The author also looks at witch beliefs in non European societies, and traces the various threads of scholarship which formerly regarded all such beliefs as survivors of paganism, a belief now largely discredited especially in relation to the works of Margaret Murray. He analyses the works of such writers as Carlo Ginzburg (which I have not yet read so will bear in mind the insights here when I do) and explores just how plausible it is that the magic workers Ginzburg wrote about were an offshoot of Shamanism. And Shamanism itself is analysed and explored, including its influence on other cultures where witch hunting did become active, including Norse culture in Scandinavia.

Where the book falls down slightly for me is that the style is very academic and dryly written. I also found the sentence structure rather convoluted in places which obscured the meaning. But given the depth of scholarship shown, I am rating it at 4 stars. ( )
  kitsune_reader | Nov 23, 2023 |
A very thought provoking read. As always when reading Hutton, what you thought you knew is challenged and the wider context for societies views about the image of the witch is put forward in its proper context. ( )
  Cotswoldreader | May 26, 2023 |
Finally as in I finally finished this book. A good academic overview of the concept of witch and the history of the witch over time. In some places I wish Hutton had been more thorough and in others a little less. ( )
  pacbox | Jul 9, 2022 |
A very thought provoking read. As always when reading Hutton, what you thought you knew is challenged and the wider context for societies views about the image of the witch is put forward in its proper context. ( )

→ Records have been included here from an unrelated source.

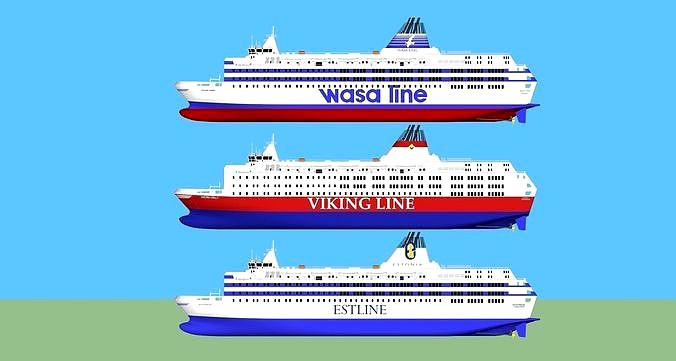 MS Estonia - Wasa King - Viking Sally - Trio Pack 3d model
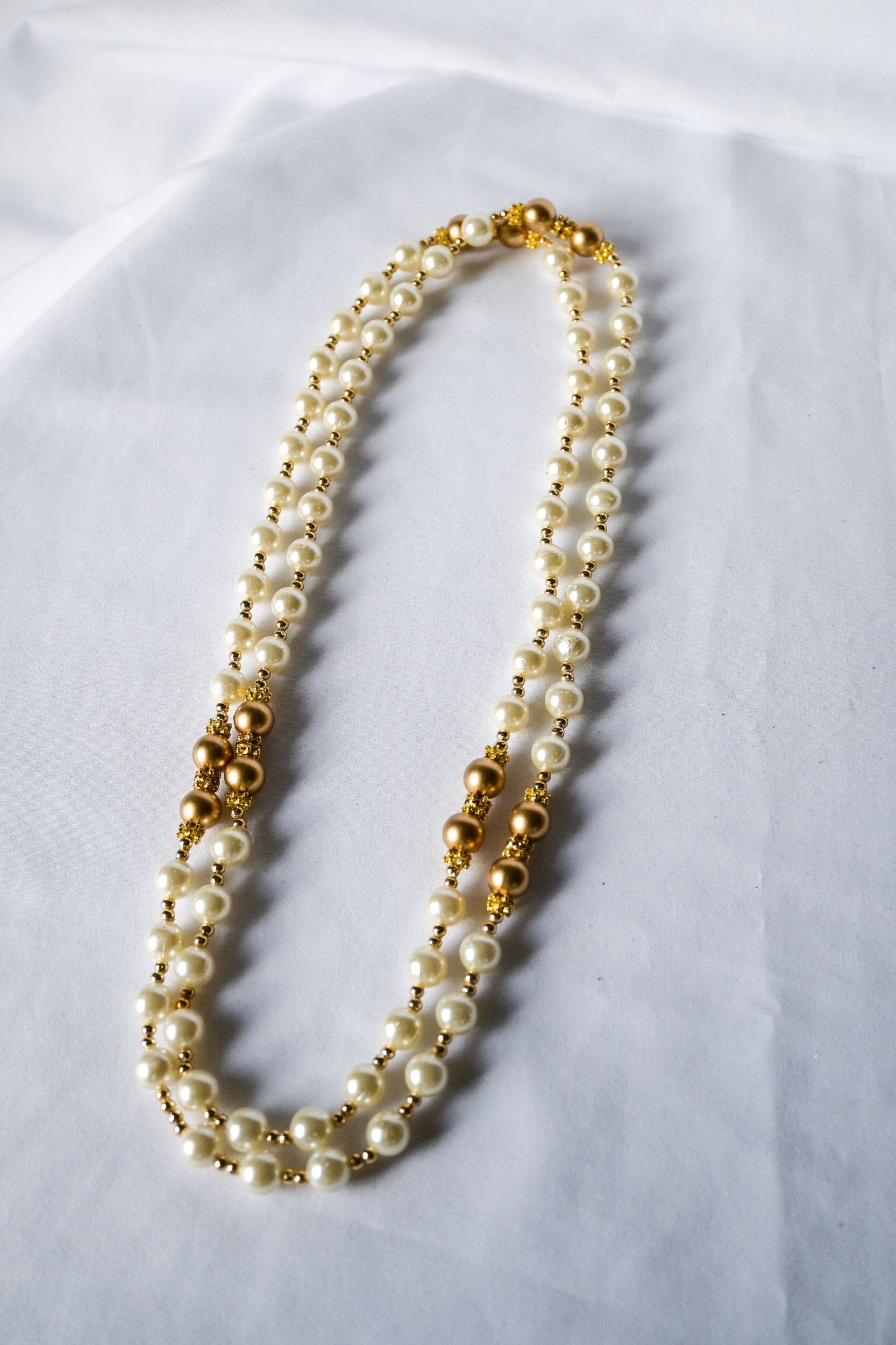 Yellow Mala Long Necklace Multi Layered Pearl Necklace 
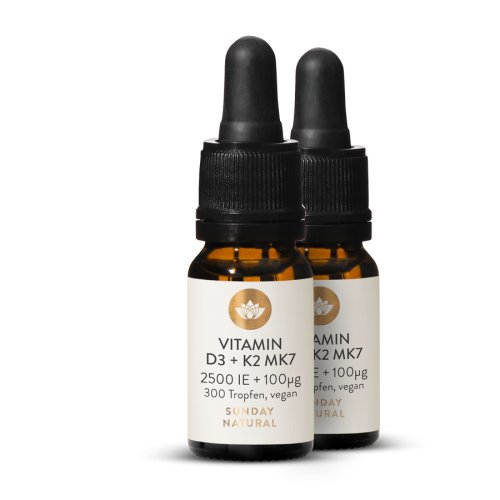 Sunday Natural Products  Vitamin D3 + K2 MK7all-trans2.500IE + 100 µg Vegan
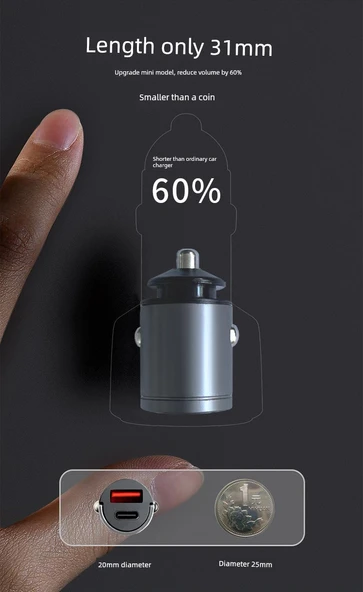 Mini Araç Şarj Cihazı - Çift USB Portlu - 36mm - 9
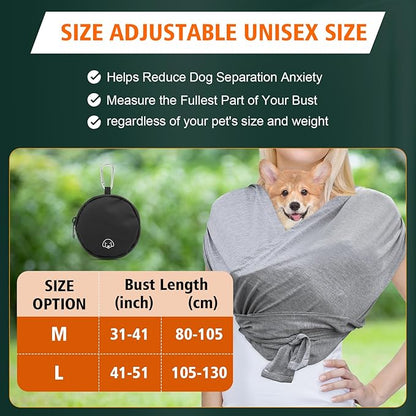 Dog Carriers for Small Dogs,Hands Free Cat Carrier,Front Facing Dog Backpack Carrier,Cat Sling,Double Shoulder Strap Design,Freeing Hands and Reducing Back Pain,with Dog Training Bag (Grey-L)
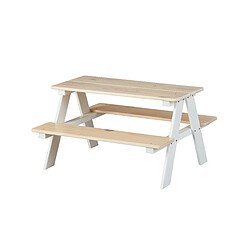 Alter Set de table avec bancs pour enfants, en pin blanc, 90x82x50 cm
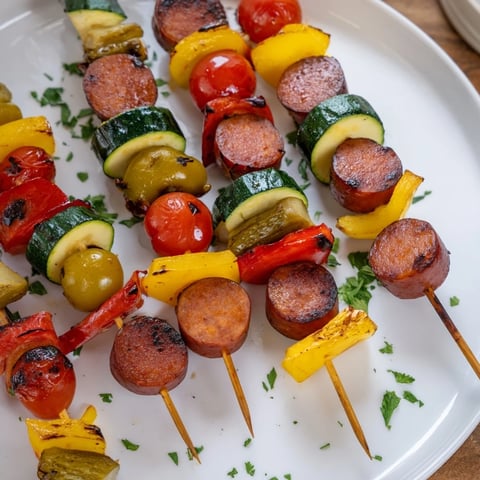 Vibrant Lightened Chorizo Appetizer Skewers, grilled with colorful peppers, ready for a delicious bite.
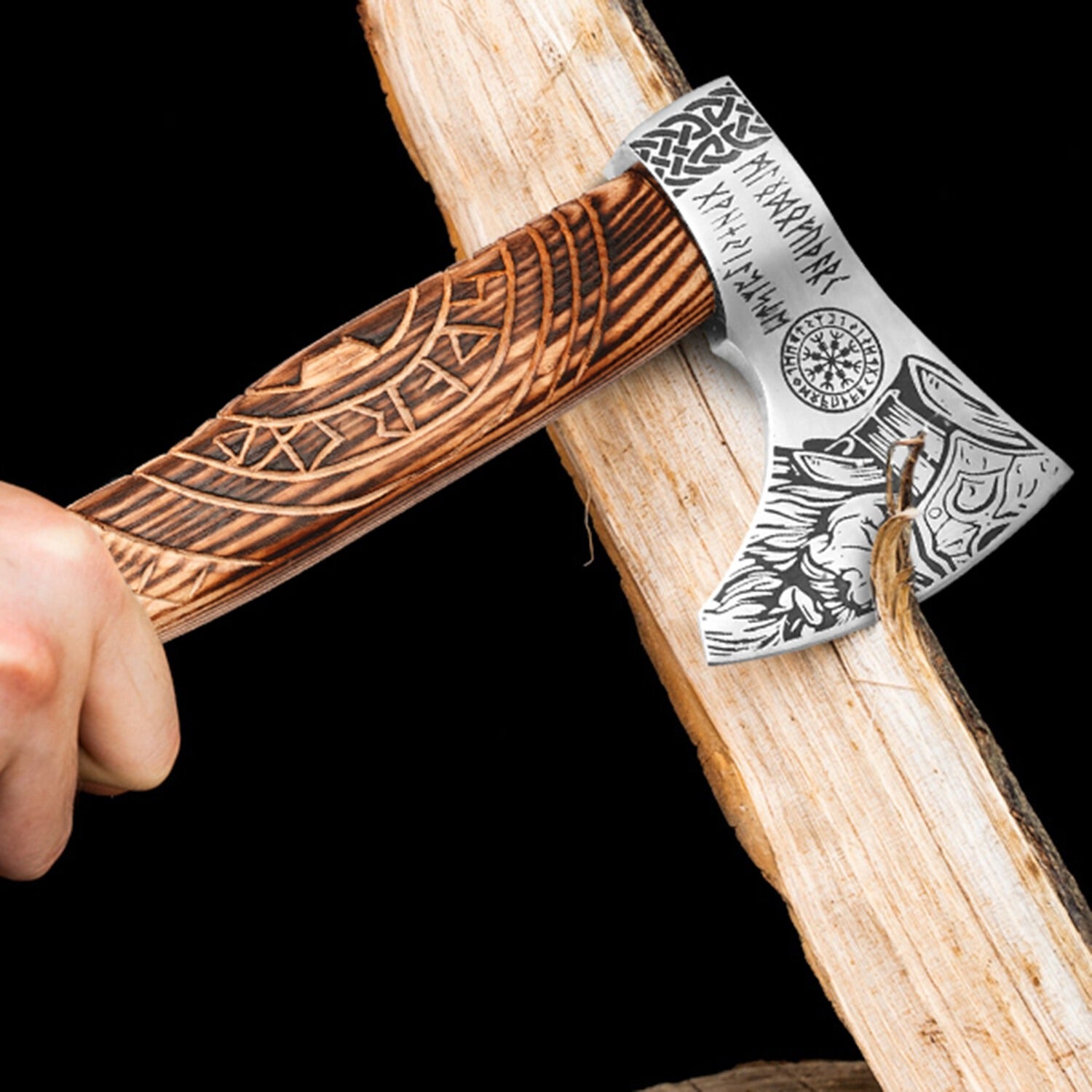 Handmade Damascus Steel Hunting Knife  20 Walnut Wood Handle Fixed Blade with Leather Sheath  Survival Camping & Collectors Must Have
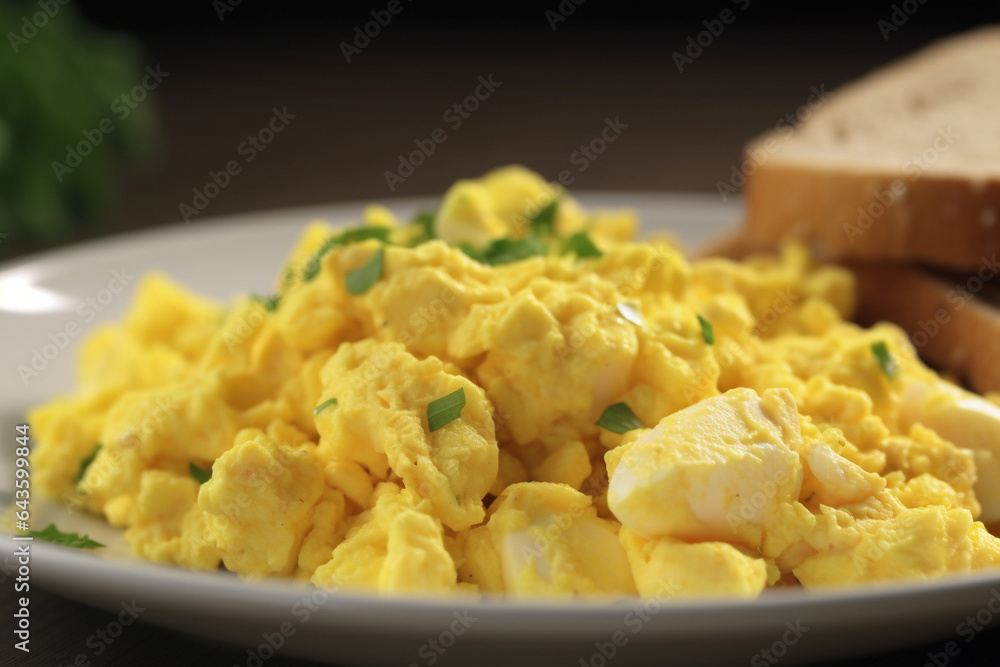 A plate of scrambled egg generative AI A plate of scrambled egg generative AI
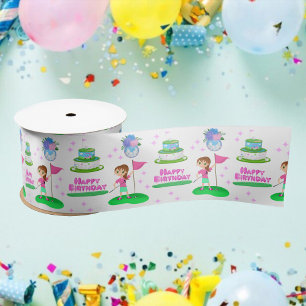 Cute Chibi Girl Birthday Golfing Themed Birthday Satin Ribbon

  Cotswoldreader | Jun 22, 2022 |
"The Witch: A History of Fear, From Ancient Times to the Present" is very true to its title. It is an anthropological, deeply thorough study of the practice of magic and witchcraft. Hutton explains how the study of witchcraft broadened to include cross-cultural comparisons, a re-evaluation of ancient texts, as well as shamanism, at least for comparison. We learn that witchcraft trials were not only a consequence of political machinations and social turmoil, but a thousands year old evolution. The Christian witch is a result of Mesopotamian demonology and the concept of astral magic, Persian dualism, Hebrew monotheism, and the Roman witch figure. Most interesting was the two sided effect of Rome conquering Egypt: the Romans introduced a fear if witches but Egyptian magic leaked out to the rest of the empire, solidifying their mystical reputation. But while the conceptual roots of witchcraft (Ch 5) is ancient, as a religion it is very new. We are NOT the "daughters of the witches you tried to burn." And while Hutton's book focuses on the West, Native and African traditional practices are included in the discussion, as well as the consequences of colonialism and forced conversion. In Pt 3, the Witch Hunts of 1530s to 1630s are examined and Hutton shows their expertise as a British folk historian.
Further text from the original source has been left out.